● TASK GOAL
Go to the line containing "Hornby Dublo - three" in the listing below and retype it and every later line exactly, down to the last.

● DATASET RECORDS
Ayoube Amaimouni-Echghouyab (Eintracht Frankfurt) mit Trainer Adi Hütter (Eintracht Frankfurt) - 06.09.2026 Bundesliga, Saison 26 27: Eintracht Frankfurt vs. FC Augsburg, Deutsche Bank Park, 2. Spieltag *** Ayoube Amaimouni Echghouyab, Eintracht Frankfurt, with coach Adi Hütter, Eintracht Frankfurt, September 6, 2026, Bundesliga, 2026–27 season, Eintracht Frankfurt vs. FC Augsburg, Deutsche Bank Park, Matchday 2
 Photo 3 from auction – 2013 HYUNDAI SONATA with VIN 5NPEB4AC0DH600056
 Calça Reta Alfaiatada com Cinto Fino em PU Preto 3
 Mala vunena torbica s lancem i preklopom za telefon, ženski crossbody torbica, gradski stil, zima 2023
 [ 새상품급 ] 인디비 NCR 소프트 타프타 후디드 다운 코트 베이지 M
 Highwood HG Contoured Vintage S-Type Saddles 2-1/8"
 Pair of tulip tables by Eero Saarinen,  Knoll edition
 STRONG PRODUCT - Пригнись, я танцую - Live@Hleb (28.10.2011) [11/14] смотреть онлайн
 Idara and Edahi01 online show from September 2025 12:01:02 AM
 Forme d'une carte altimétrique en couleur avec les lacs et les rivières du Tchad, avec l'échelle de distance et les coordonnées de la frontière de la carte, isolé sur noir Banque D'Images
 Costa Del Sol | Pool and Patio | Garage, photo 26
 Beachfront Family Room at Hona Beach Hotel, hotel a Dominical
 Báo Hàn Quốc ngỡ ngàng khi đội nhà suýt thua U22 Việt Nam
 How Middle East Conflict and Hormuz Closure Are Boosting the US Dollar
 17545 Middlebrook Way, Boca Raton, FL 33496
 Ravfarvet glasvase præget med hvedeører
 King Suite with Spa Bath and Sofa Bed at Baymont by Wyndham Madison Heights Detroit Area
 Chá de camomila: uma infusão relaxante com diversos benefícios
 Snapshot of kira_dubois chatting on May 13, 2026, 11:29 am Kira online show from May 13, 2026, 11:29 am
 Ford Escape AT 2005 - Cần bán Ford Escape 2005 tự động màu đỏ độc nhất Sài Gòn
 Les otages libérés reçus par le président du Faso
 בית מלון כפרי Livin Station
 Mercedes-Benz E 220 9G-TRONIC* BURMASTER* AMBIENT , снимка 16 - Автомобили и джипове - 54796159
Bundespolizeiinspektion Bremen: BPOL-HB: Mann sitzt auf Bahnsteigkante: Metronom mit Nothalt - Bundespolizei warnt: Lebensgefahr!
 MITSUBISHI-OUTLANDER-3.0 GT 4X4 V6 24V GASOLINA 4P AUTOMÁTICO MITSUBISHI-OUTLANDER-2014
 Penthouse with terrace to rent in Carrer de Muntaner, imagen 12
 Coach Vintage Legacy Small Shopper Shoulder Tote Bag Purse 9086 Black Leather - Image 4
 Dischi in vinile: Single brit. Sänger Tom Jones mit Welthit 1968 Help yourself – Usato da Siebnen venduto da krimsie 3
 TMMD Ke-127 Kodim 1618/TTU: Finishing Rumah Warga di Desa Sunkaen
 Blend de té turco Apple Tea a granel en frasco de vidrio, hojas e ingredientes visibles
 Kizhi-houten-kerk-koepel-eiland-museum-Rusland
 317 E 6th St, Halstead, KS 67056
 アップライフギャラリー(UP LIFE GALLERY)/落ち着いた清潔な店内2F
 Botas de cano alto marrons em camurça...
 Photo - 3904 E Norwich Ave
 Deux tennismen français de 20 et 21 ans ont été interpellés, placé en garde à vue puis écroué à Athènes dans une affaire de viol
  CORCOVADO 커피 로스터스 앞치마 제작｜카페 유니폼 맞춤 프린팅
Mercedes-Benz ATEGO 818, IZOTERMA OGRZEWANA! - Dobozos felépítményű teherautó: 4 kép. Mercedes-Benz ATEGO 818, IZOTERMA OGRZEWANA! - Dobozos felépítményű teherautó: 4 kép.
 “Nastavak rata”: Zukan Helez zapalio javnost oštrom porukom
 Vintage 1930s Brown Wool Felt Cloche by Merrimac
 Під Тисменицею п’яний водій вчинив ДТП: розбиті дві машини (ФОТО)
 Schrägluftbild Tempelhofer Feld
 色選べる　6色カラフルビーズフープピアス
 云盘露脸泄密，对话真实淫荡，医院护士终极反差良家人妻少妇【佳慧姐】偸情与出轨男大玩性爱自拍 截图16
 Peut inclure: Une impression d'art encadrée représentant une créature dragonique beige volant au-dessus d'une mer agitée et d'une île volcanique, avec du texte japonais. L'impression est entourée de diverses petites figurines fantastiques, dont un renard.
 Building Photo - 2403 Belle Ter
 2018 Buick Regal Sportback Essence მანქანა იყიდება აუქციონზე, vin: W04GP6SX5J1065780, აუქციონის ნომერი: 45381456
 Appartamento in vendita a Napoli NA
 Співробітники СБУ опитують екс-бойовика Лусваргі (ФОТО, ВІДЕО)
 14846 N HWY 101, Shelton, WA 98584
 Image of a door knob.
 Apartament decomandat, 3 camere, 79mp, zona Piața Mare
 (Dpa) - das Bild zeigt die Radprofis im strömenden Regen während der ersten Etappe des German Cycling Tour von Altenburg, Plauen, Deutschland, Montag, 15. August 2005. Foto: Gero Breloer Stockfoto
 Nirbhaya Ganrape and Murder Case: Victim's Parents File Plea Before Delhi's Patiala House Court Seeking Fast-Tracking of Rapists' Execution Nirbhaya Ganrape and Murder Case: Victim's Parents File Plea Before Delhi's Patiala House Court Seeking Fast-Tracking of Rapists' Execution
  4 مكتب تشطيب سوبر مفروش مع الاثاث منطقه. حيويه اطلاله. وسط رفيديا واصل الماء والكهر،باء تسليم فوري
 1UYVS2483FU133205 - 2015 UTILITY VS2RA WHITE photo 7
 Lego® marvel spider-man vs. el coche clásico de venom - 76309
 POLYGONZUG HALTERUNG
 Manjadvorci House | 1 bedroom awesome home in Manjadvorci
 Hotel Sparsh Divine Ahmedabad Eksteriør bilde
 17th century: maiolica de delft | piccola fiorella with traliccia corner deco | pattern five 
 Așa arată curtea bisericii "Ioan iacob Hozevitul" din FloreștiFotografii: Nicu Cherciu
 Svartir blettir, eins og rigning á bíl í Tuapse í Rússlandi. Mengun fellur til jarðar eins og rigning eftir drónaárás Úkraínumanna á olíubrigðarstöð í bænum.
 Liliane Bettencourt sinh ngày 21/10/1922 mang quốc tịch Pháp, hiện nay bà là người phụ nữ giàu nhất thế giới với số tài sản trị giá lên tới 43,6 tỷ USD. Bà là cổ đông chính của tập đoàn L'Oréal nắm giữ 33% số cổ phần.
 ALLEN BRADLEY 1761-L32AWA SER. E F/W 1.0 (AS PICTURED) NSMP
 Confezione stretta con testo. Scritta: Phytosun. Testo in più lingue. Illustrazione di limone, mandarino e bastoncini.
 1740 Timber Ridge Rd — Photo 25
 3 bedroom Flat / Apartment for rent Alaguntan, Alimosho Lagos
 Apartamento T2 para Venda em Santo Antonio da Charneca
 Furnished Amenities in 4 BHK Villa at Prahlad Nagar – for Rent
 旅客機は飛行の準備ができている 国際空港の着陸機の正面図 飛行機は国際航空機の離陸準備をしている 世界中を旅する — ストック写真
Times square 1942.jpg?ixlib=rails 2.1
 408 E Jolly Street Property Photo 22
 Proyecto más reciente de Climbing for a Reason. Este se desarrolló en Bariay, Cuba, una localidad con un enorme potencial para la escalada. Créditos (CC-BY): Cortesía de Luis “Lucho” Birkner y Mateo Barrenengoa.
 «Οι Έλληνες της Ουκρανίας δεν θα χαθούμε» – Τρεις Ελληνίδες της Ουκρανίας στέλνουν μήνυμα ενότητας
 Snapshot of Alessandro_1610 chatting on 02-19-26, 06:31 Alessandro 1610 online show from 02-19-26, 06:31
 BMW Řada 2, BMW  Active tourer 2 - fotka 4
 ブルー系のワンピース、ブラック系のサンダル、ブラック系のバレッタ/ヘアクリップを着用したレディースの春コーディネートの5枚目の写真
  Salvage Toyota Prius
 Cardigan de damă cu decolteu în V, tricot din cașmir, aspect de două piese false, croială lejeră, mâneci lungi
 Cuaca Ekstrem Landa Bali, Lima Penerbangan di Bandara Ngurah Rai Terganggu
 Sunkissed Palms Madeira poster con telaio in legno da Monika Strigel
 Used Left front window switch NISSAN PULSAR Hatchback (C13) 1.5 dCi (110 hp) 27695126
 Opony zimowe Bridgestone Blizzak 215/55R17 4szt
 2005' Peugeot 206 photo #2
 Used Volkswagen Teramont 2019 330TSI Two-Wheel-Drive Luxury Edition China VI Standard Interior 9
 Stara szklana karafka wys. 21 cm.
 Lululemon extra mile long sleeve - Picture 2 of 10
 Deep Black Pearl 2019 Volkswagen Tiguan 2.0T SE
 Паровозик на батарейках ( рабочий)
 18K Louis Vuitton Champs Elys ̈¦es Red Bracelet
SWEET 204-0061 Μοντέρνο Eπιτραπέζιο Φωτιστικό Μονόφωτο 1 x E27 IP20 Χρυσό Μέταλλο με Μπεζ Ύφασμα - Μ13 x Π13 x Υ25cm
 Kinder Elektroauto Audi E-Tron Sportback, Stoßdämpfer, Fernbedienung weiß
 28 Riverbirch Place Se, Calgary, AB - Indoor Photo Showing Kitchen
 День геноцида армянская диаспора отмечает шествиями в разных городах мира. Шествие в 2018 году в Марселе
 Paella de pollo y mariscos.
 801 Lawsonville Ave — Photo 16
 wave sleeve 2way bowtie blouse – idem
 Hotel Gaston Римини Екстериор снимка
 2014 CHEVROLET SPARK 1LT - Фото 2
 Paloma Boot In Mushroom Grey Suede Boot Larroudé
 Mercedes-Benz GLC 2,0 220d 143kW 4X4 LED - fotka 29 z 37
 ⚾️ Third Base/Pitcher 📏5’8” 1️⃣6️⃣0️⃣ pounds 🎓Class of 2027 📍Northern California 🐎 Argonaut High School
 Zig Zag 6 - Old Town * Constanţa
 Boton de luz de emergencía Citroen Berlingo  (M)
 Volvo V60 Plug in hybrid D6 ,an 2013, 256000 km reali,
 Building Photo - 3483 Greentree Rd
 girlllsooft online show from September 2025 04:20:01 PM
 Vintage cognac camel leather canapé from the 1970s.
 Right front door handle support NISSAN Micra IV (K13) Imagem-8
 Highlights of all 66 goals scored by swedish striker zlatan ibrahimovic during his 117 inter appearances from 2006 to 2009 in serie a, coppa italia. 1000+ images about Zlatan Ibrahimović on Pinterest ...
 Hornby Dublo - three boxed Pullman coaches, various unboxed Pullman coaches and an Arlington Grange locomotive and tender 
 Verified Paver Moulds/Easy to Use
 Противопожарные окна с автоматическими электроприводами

● ANSWER BELOW
 Hornby Dublo - three boxed Pullman coaches, various unboxed Pullman coaches and an Arlington Grange locomotive and tender 
 Verified Paver Moulds/Easy to Use
 Противопожарные окна с автоматическими электроприводами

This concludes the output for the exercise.